Au cours des années soixante et soixante-dix s'opère un vaste mouvement de redéfinition de ce qui est considéré comme normal et comme pathologique à tel point qu'il est rare de désigner quelqu'un de « fou » sans utiliser de guillemets2044(*). Outre la philosophie et la psychanalyse, ce mouvement affecte considérablement la psychiatrie notamment asilaire. La « révolution psychiatrique de 1945 », à savoir la réflexion critique qui émerge au lendemain de la Seconde Guerre mondiale, demeure selon Marcel Jaeger théorique et se conclut par la création d'unités pour « malades difficiles » semblables à l'institution carcérale2045(*). D'autres considèrent à l'inverse qu'elle permit une certaine « humanisation » des hôpitaux psychiatriques : la circulaire 148 du 21/08/1952 permet aux femmes de déroger à la robe de bure jusque-là obligatoire et de garder leur alliance. Elle préconise de rendre les lieux de vie attrayants notamment grâce à la radio et la télévision et supprime pour les infirmiers l'uniforme de gardien.

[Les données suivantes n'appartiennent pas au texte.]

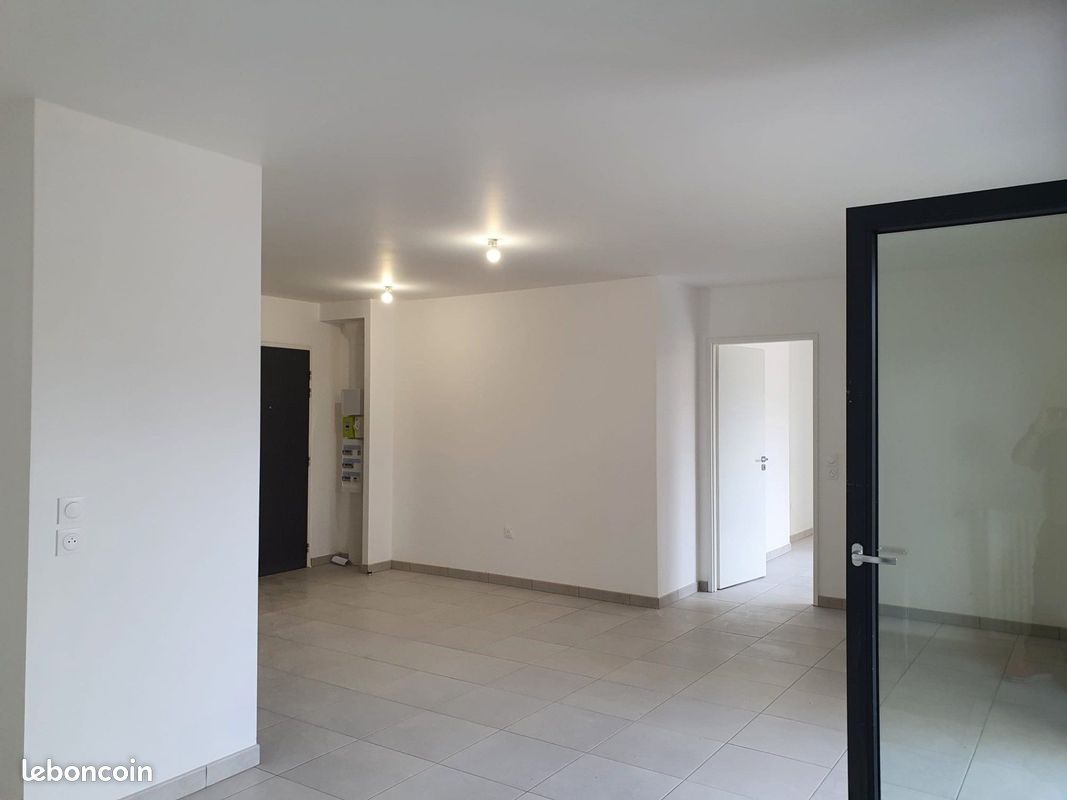 Appartement 2 pièces 53 m² · à Compiègne · 53 m² · 900 €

Malgré ces améliorations, « l'hôpital psychiatrique est considéré comme une annexe de la prison », rappelle Jean Ayme qui deviendra président du syndicat des psychiatres des hôpitaux2046(*).

Un mouvement interne à la profession psychiatrique visant à rompre l' « enfermement » des aliénés aboutit à la fin des années cinquante à la politique dite « de secteur », dont le principe essentiel est, selon la circulaire du 15 mars 1960, « de séparer le moins possible le malade de sa famille et de son milieu »2047(*). La nouvelle législation produit cependant peu d'effets : le régime d'exception demeure en vigueur tandis que les structures psychiatriques sont surencombrées. « Quant à la politique de secteur, elle reste, dix ans après sa définition, toujours à l'état de projet », observe Marcel Jaeger dans son histoire de la psychiatrie2048(*). Ce psychiatre alors étudiant dans les années soixante atteste des conditions de vie qui caractérisent alors certains hôpitaux psychiatriques :

« Je fais partie de la dernière génération des médecins qui ont connu les fous enchaînés dans les hôpitaux. Ma première garde d'externe, j'avais dix-huit ans. C'était à la Timone. On m'a appelé dans une cellule dans laquelle il y avait de la paille par terre. Un type était en train de se vider de son sang et il est mort d'ailleurs. Moi, j'ai connu l'infirmerie qui était une grande salle commune avec les lits aliénés, le plancher, une rigole et tous les infirmières qui passaient au jet parce que des types s'étaient chiés dessus toute la nuit... C'était en train de changer mais ça existait encore »2049(*).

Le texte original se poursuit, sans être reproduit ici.